From toys to books, a variety of gifts can be given at Chanukah. Within that broad spectrum, some Northeast Ohio families choose to give a gift that supports Israel.

There are many ways to do so, including several with ties to Greater Cleveland.

Cari M. Immerman, American Friends of Magen David Adom’s Beachwood-based director for Ohio, Kentucky, Michigan and western Pennsylvania, said that during operation “Pillar of Defense,” Magen David Adom responded to thousands of calls and treated more than 400 Israelis injured in the rocket attacks as well as the terrorist bus bombing in Tel Aviv, including several critical cases in which their intervention was instrumental in saving lives.

Immerman explained that MDA is Israel’s national ambulance and blood services agency and its affiliate to the International Red Cross. In that capacity, it supplies 97 percent of Israel’s blood supply and 100 percent for the Israel Defense Forces.

However, MDA’s work isn’t government-funded and thus relies on charitable gifts – like those given at Chanukah, Rosh Hashanah and other simchas – to fund its mission, Immerman said.

“I’ve had people (give a gift through AFMDA) not only for Chanukah but also at other times of the year. They feel good about making the donation, and they get great pleasure out of supporting Israel,” she said. “When you make a gift to Magen David Adom, you’re helping fulfill their mission to save lives in Israel. It’s truly a gift with impact for your friends and loved ones and for the citizens and soldiers MDA serves.”

Another way to support Israel is through purchase of Israel Bonds, which is “an investment and not a charitable contribution,” said Thomas A. Lockshin, executive director for Israel Bonds in Ohio and Kentucky.

“When you buy an Israel Bond, you’re lending the government of Israel your money and they’re promising to pay back your principal along with interest,” he said. “We believe it’s the most direct way to support Israel because you write your check directly to the state of Israel. It’s used to help every aspect of Israel’s economy.”

The money sent to Israel via the purchase of Israel Bonds goes into its treasury, and the government distributes it according to where it feels funds are most needed.

“Foreign debt held in Israel Bonds is a valuable service to Israel,” Lockshin said. “For the purchaser, it is a means of acquiring an excellent investment and expressing unity with Israel.

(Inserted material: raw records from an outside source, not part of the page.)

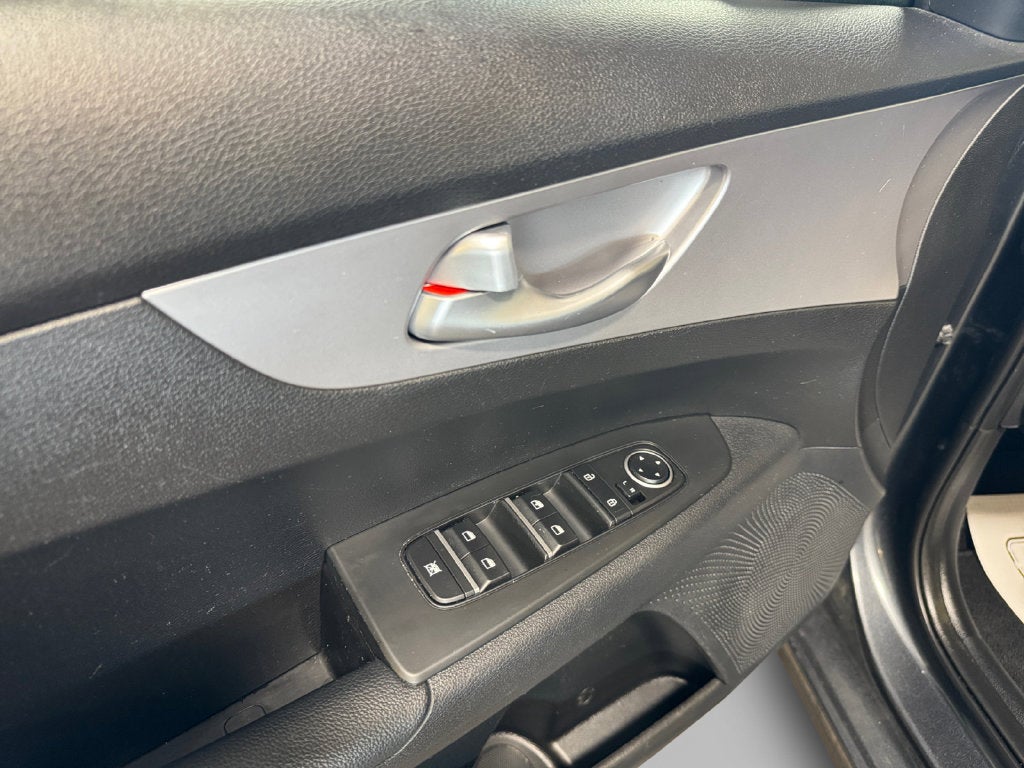 2023 Kia Forte LXS Technology Pkg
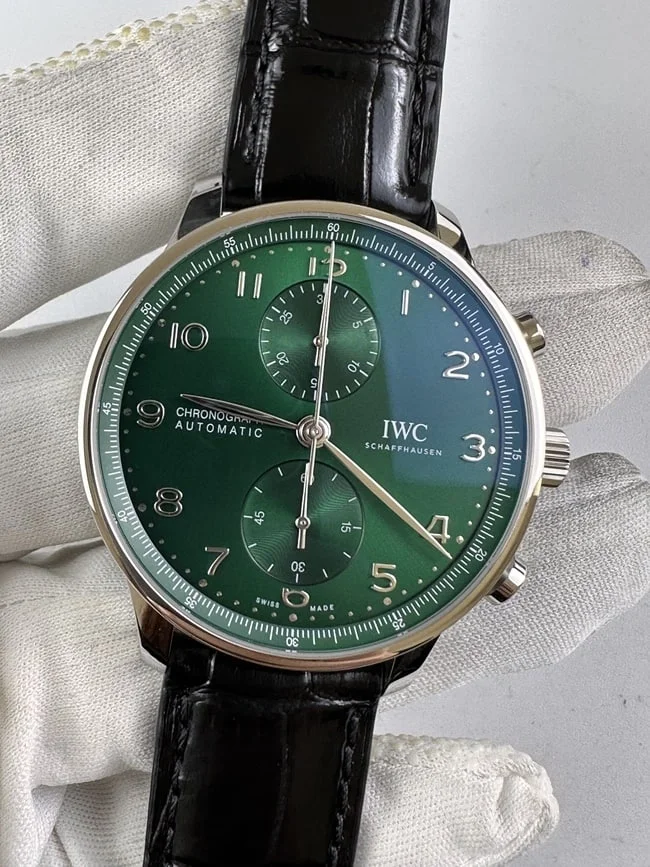 IWC 포르투기저 크로노그래프 그린 다이얼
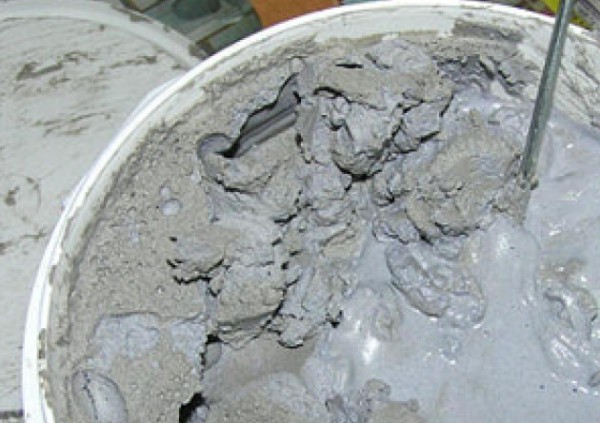 Mastic de ciment avec une teinte grise caractéristique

“We have many clients that purchase Israel Bonds as gifts for children and grandchildren,” he said. “They want to give something of substance to their loved ones, and at the same time, support Israel. … Investing in Israel Bonds gives families a personal, meaningful and sustaining relationship with Israel and the Jewish future.”

Yet another way to support Israel is through a donation to the Jewish National Fund, said Debbie Rothschild, Northern Ohio regional office director.

“Our sole mission is to support Israel, its people and its land,” she said. “Whether through planting trees, building new communities, security roads or water resources, there are a number of ways that JNF is making a difference with the people and land of Israel.”

Recent examples of the difference JNF has made include initiatives carried out during operation “Pillar of Defense,” Rothschild said.

“JNF stood up in a tremendous way and opened our Sderot indoor playground – which is also a fortified bomb shelter – to thousands of people and housed them in a safe and fun environment,” she said. “We also took hundreds of kids and families to different parks and destinations around Israel to give them a respite from the stress and exhaustion they experienced due to the threat to their well being.”

Simply stated, “a gift to JNF is a gift to Israel,” Rothschild said.

“A gift to JNF is much more than planting trees in Israel, which is needless to say a beautiful thing, but JNF is an organization that comes to the plate when needed,” she said. “People can be very proud of their support of JNF. … Not only does it set an example of giving for children during Chanukah, but there’s also the legacy of giving (parents) create with generations of giving.”